Il faut dire aussi que l’artiste est parfois difficile à suivre. À côté de ces boîtes sophistiquées et technologiques, il produit des séries de petites sculptures en bronze inspirées par la Tour de Babel, la case de l’Oncle Tom et le flûtiste de Hamelin, cette légende allemande qui voit tous les enfants d’un village enlevés par un troubadour satanique. « Il a quand même un peu vendu, mais très vite il s’est mis en marge, explique Valérie Da Costa. Je pense qu’il détestait la société américaine et le système du marché de l’art. » Et préfère le soleil de Ponza où il peint des paysages sur du papier journal. Des éditions de l’Herald Tribune, du Village Voice, parfois de quotidiens néerlandais ou allemands, les deux pays d’origine de ses parents, mais jamais de journaux italiens. « Il disait qu’il dessinait sur sa terre natale. »
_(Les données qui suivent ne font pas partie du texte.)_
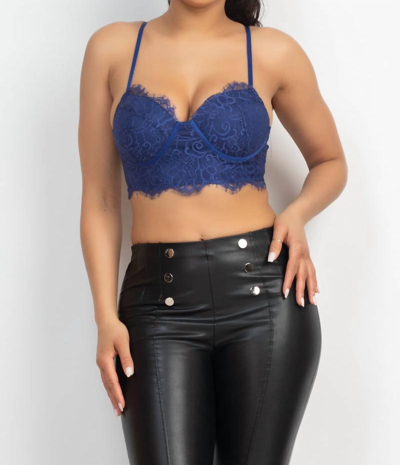 Haute Monde Hook-and-eye Floral Lace Bralette Top In Midnight Blue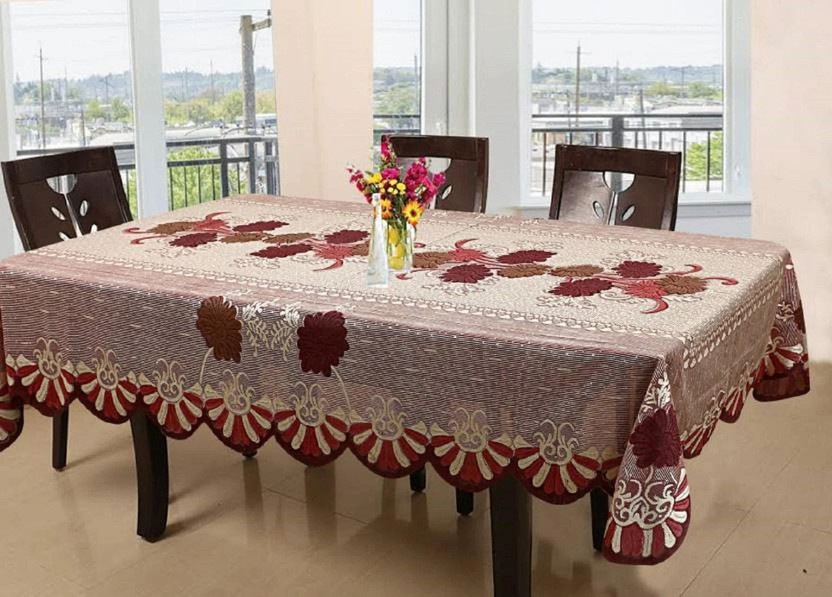 Flavio Interiors Polyester 8 Seater Floral Table Cover(Maroon)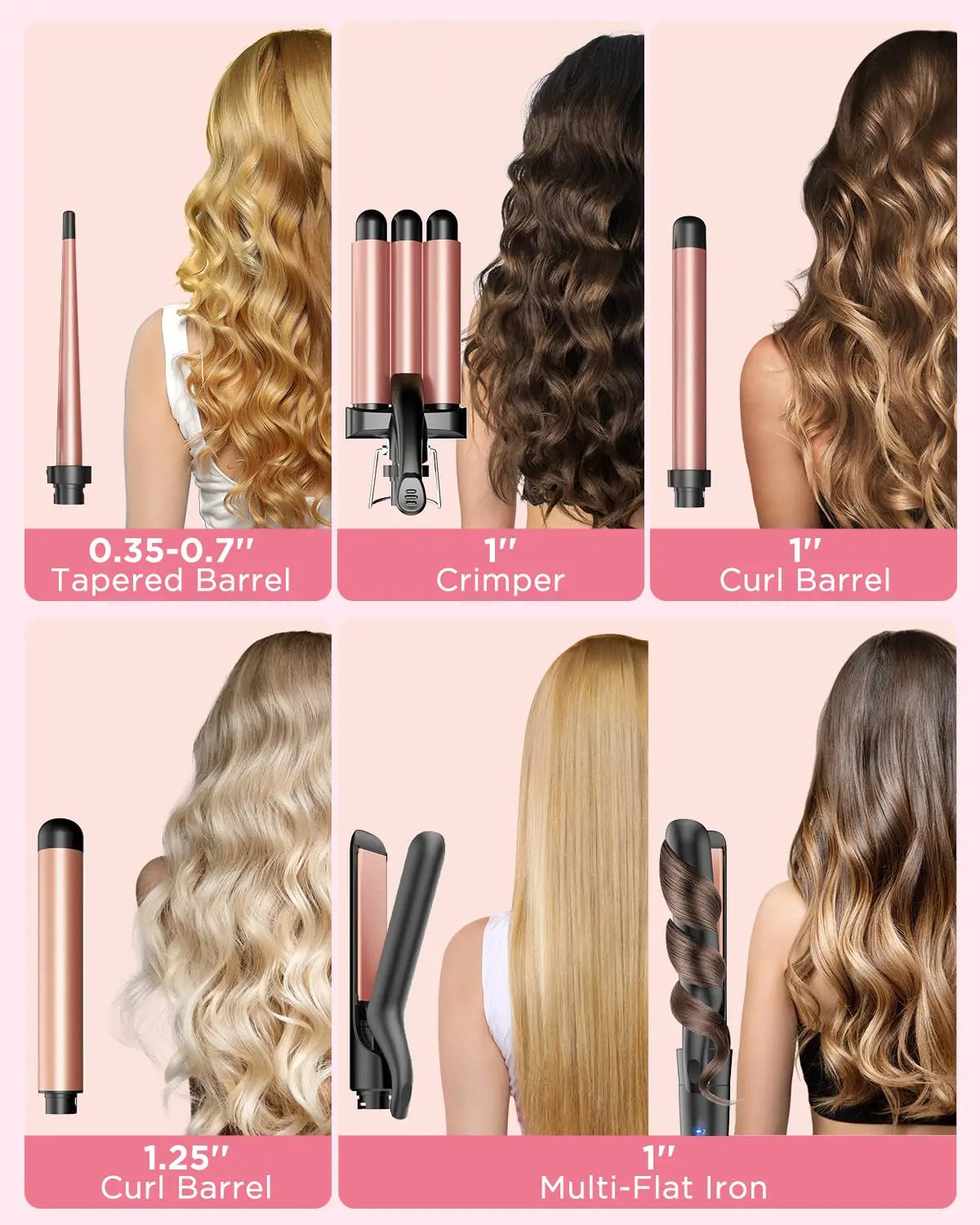 BESTOPE PRO 5 in 1 Wand Curling Iron-Curling Wand Set with Hair Straightener, 3 Barrels Hair Crimper Iron, 3 Ceramic Curling Iro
Il y a aussi cette obsession pour le corps fragmenté, sorte de projet eucharistique chez un artiste habité par la spiritualité. Paul Thek va ainsi se mouler plusieurs fois et exposer ses membres à la découpe. Le Mamco expose sa tête en plâtre, enchâssée dans une pyramide de résine, la peau comme tatouée de motifs psychédéliques. « J’y vois comme une représentation de la finitude et de la putréfaction, avec la pyramide qui signifie l’immortalité et la résurrection, explique la commissaire. Elle est un élément récurrent dans son travail. » On la voit encore, à l’entrée de l’exposition, dans une variation sur la bannière étoilée américaine.
La Tour de Babel et Bojangles, le danseur de claquettes qui sera la première grande figure militante afro-américaine, appartiennent aussi à ce vocabulaire qui revient souvent : « Cela montre également le sens de ses engagements. » Paul Thek revient définitivement aux États-Unis en 1976. L’année suivante, l’ICA lui consacre une rétrospective. S’ensuit une longue traversée du désert. Elle s’achève en 1984, lorsqu’il se remet à peindre frénétiquement de petits tableaux. En 1985, il apprend qu’il est atteint du sida, dont il succombera trois ans plus tard. Le Mamco montre quelques-unes de ses dernières peintures. Our Mother, Who Art, The Soul is the Need for the Spirit, racontent ces toiles aux couleurs vives. Comme une dernière prière.
« Paul Thek », jusqu’au 9 juin 2024, Mamco, 10, rue des Vieux-Grenadiers, Genève.